● **ACTION ITEM**
Would you please repeat exactly the entries below, starting at the line with "1440 Pennsylvania Ave" and ending at the line with "New Smyrna Beach", and nothing outside that range? Leave out the pictures.

[EXERCISE INPUT — start]

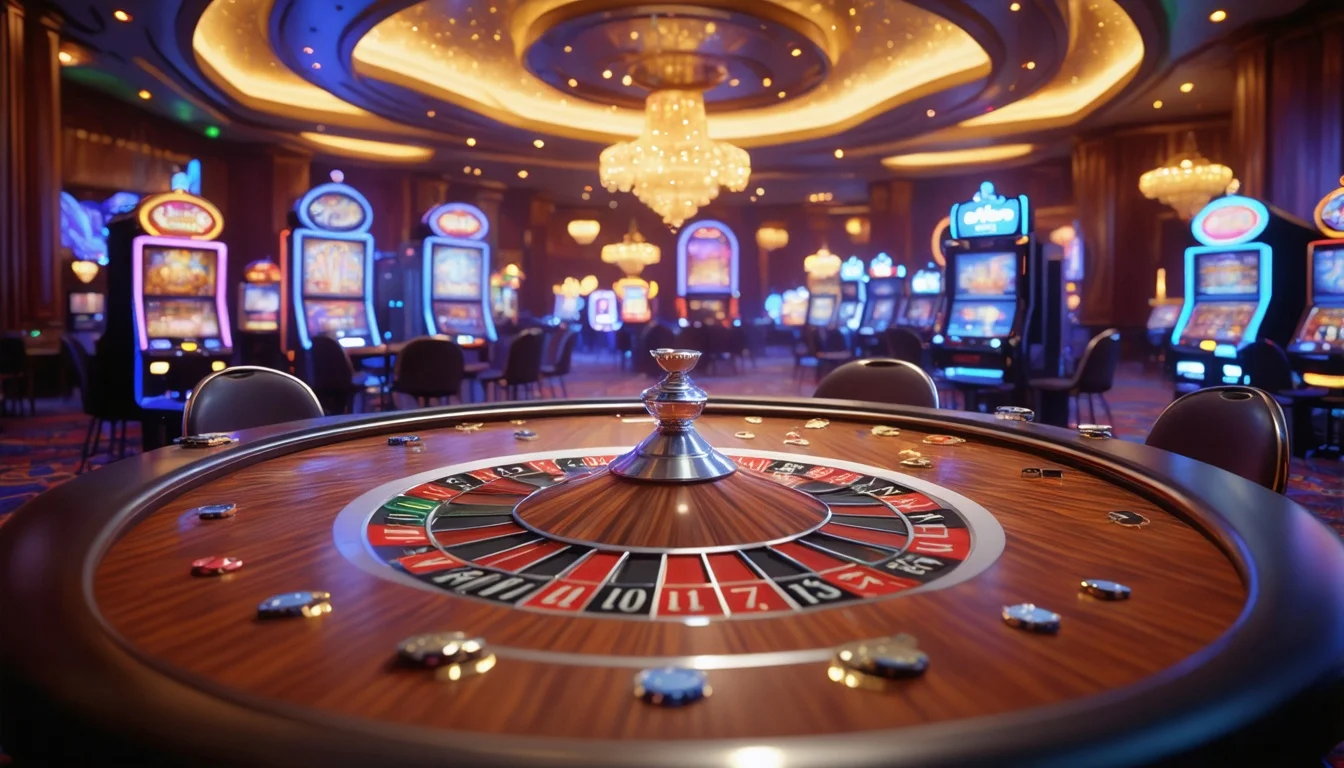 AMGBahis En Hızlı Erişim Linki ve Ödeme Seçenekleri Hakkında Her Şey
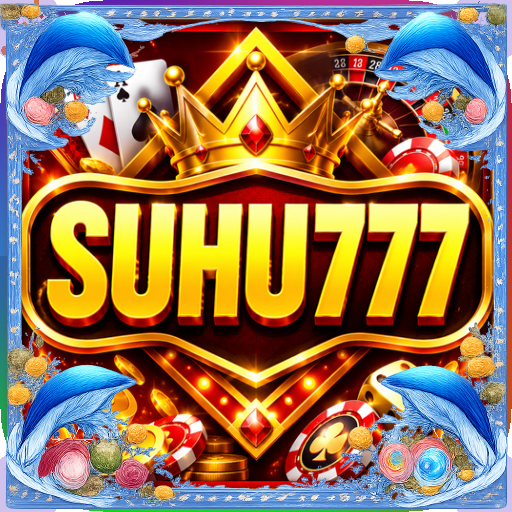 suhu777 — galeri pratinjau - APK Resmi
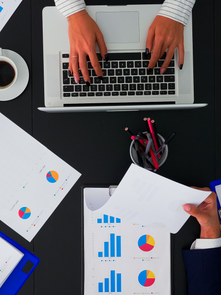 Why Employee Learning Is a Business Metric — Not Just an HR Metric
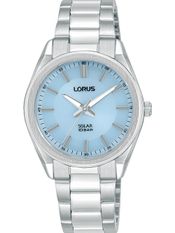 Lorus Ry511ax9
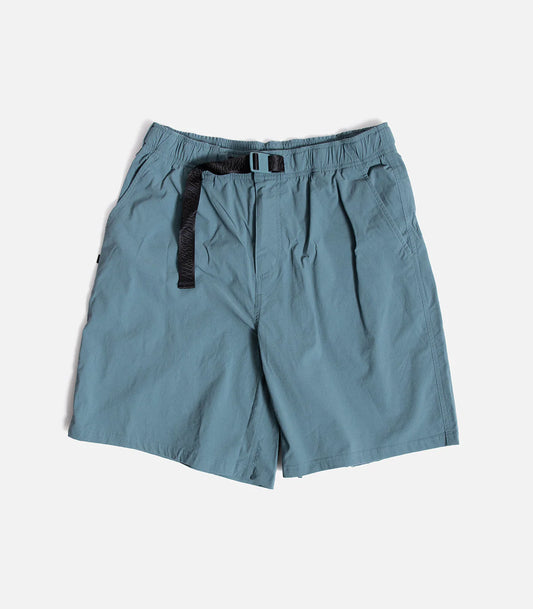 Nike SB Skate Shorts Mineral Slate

[EXERCISE INPUT — finish]
[EXERCISE INPUT — start]

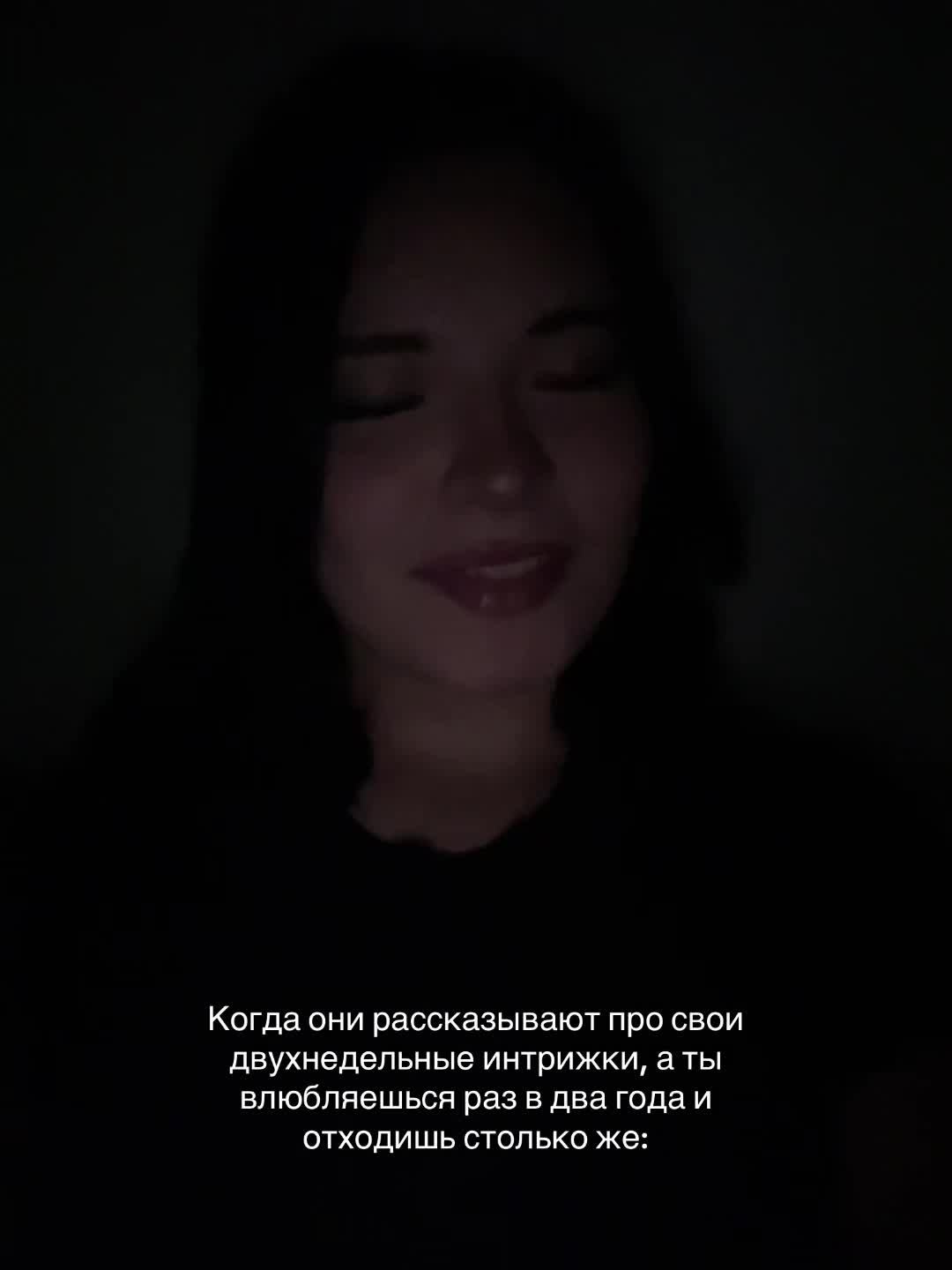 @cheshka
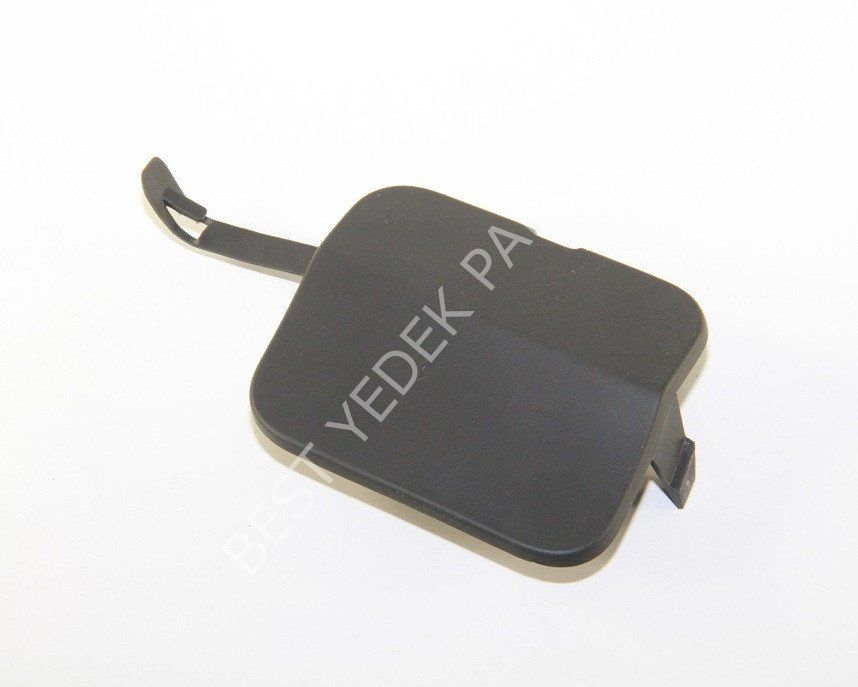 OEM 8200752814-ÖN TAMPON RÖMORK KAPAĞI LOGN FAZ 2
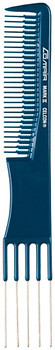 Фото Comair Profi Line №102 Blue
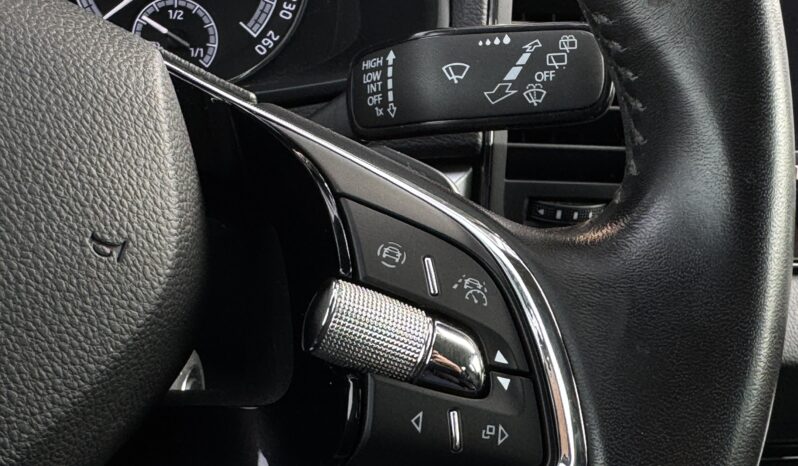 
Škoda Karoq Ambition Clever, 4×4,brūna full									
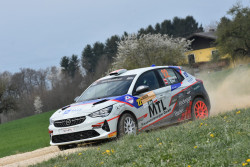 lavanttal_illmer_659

[EXERCISE INPUT — finish]
[EXERCISE INPUT — start]

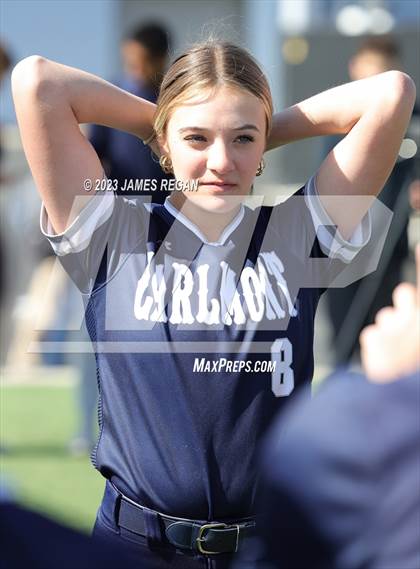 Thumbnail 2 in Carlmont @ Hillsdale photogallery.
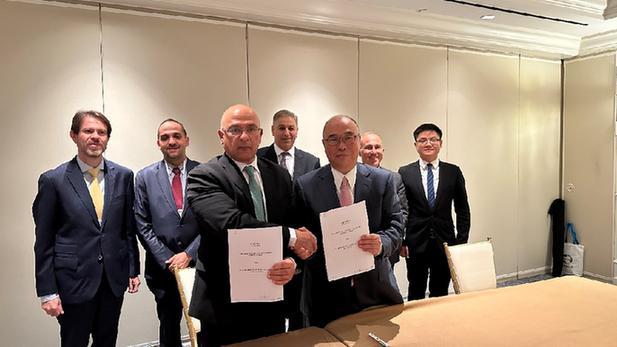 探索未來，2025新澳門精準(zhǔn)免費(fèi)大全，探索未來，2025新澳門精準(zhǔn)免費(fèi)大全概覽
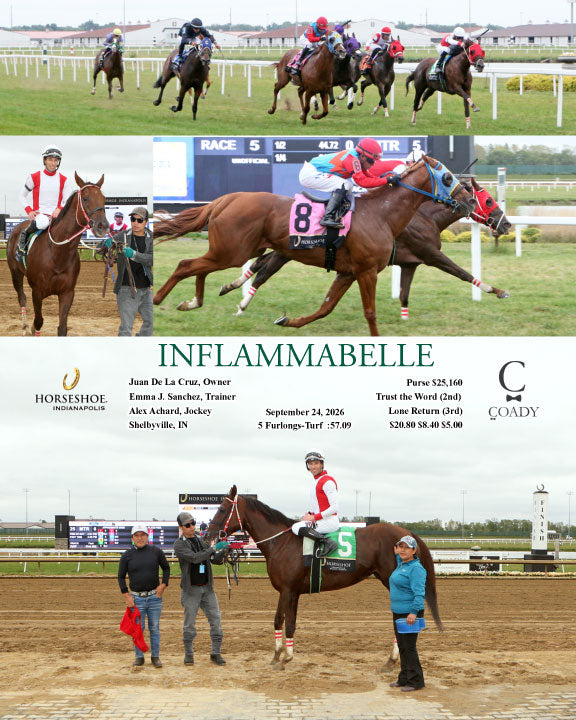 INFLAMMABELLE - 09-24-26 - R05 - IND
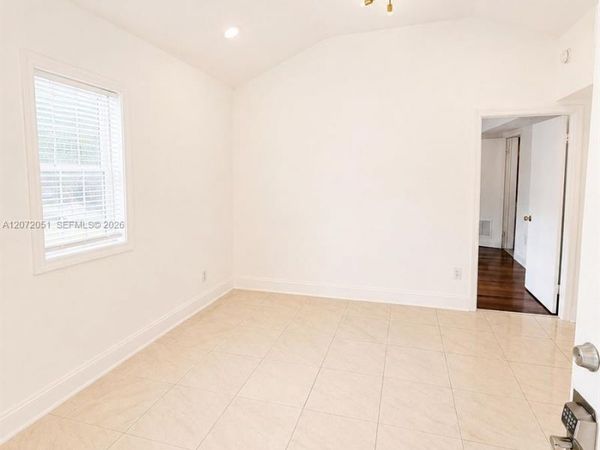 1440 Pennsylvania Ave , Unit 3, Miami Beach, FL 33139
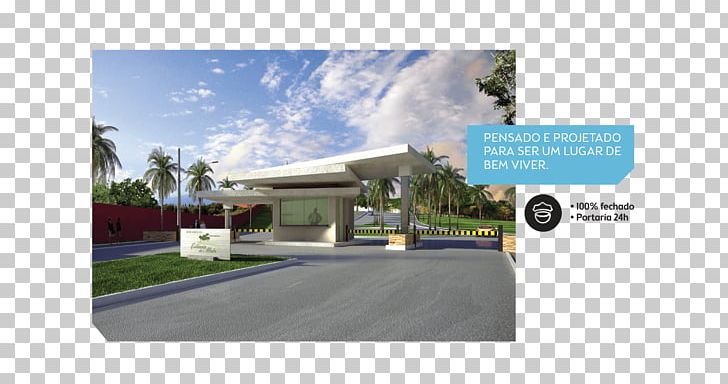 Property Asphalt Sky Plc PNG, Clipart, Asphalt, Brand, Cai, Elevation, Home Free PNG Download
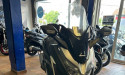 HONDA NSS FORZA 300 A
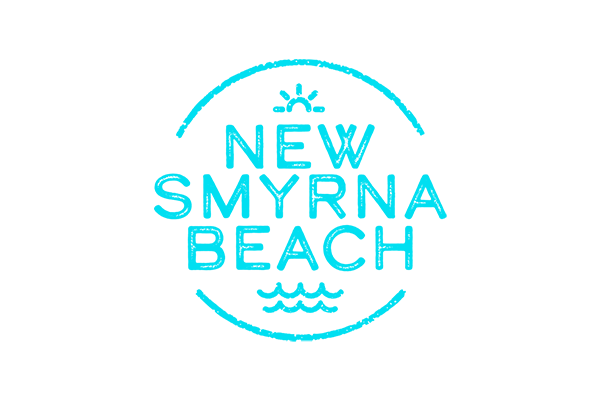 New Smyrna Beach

[EXERCISE INPUT — finish]

● **OUTPUT OF THE TASK**
 1440 Pennsylvania Ave , Unit 3, Miami Beach, FL 33139
 Property Asphalt Sky Plc PNG, Clipart, Asphalt, Brand, Cai, Elevation, Home Free PNG Download
 HONDA NSS FORZA 300 A
 New Smyrna Beach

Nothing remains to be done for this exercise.